** DATASET follows **

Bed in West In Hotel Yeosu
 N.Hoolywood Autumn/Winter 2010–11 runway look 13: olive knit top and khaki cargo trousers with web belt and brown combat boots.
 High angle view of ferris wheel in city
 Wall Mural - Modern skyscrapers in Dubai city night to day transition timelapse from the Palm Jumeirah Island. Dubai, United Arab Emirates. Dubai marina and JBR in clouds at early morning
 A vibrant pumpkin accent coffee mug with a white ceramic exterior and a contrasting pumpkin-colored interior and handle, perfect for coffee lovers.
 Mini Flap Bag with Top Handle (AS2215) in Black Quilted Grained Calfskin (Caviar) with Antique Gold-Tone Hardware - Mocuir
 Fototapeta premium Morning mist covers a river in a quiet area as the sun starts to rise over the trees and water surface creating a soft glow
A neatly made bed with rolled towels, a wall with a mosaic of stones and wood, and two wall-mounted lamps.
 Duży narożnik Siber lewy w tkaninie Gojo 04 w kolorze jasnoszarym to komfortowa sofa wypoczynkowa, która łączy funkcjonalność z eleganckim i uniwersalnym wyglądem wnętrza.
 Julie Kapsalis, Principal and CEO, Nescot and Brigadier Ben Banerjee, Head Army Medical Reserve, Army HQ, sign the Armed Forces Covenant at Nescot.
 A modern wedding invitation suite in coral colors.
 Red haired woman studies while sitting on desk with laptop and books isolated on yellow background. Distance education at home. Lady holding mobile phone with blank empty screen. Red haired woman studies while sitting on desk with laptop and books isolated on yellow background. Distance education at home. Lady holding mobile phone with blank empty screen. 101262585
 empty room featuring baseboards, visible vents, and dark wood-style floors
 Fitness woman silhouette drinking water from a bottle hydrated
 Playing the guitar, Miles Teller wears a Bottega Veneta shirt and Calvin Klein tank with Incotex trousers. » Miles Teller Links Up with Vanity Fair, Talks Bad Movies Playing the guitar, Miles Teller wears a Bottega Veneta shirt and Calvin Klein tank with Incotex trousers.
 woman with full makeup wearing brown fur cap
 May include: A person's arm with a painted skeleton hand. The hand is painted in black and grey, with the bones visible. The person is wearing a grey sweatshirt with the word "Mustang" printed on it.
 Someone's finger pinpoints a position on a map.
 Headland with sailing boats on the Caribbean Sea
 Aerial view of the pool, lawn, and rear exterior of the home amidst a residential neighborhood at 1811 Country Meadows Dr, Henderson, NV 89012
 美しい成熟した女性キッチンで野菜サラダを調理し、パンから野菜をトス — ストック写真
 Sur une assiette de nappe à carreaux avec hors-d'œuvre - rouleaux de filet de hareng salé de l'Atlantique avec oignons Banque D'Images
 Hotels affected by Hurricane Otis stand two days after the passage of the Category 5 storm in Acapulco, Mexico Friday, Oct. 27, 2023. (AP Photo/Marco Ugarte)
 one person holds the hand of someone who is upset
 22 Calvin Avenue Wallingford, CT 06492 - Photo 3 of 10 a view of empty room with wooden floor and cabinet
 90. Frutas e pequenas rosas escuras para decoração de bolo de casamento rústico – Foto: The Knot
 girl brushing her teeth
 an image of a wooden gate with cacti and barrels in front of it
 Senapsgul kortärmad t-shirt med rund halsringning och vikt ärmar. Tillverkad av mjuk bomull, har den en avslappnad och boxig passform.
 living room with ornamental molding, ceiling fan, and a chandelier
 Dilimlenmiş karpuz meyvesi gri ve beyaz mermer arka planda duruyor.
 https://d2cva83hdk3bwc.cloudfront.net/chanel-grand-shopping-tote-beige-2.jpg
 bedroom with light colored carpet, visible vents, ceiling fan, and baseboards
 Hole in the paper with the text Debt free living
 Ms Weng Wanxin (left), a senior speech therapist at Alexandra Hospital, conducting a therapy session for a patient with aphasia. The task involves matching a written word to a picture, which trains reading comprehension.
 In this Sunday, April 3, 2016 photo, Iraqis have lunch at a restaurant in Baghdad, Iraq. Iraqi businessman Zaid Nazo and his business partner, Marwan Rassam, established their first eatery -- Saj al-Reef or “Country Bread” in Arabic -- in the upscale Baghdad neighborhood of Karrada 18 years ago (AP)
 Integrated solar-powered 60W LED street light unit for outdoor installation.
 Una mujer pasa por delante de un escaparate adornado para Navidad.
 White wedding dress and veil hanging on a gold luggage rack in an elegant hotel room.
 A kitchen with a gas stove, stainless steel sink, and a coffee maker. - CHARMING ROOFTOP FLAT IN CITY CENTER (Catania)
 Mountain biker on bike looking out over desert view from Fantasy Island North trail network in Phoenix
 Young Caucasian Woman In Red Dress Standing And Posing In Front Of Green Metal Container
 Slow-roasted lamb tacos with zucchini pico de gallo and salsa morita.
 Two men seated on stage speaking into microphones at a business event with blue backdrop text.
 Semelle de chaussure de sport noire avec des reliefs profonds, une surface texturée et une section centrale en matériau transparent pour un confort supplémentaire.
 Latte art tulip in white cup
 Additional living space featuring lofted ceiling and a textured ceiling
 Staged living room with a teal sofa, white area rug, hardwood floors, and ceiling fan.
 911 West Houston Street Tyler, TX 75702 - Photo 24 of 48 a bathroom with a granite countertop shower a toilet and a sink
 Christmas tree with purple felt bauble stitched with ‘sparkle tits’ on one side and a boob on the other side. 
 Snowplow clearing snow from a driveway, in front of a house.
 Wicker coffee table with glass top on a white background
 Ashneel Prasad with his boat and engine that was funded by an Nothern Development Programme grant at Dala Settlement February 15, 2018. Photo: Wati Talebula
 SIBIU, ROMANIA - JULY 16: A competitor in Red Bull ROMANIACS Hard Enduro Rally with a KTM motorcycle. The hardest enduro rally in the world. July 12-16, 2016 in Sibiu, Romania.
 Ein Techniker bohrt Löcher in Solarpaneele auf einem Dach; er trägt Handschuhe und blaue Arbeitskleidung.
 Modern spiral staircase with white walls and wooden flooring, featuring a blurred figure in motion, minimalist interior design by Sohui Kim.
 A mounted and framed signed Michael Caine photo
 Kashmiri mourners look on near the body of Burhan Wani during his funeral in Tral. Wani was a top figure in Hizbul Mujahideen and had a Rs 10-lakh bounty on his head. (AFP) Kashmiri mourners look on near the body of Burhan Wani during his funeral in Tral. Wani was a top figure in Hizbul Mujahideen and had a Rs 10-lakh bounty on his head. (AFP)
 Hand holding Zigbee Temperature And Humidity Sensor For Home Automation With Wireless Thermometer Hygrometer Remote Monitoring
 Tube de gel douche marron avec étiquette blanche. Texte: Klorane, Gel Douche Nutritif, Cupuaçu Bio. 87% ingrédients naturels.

** End of DATASET **

Find every line above where the word "living" occurs, and copy that line.

ANSWER BOX -
 living room with ornamental molding, ceiling fan, and a chandelier
 Hole in the paper with the text Debt free living
 Additional living space featuring lofted ceiling and a textured ceiling
 Staged living room with a teal sofa, white area rug, hardwood floors, and ceiling fan.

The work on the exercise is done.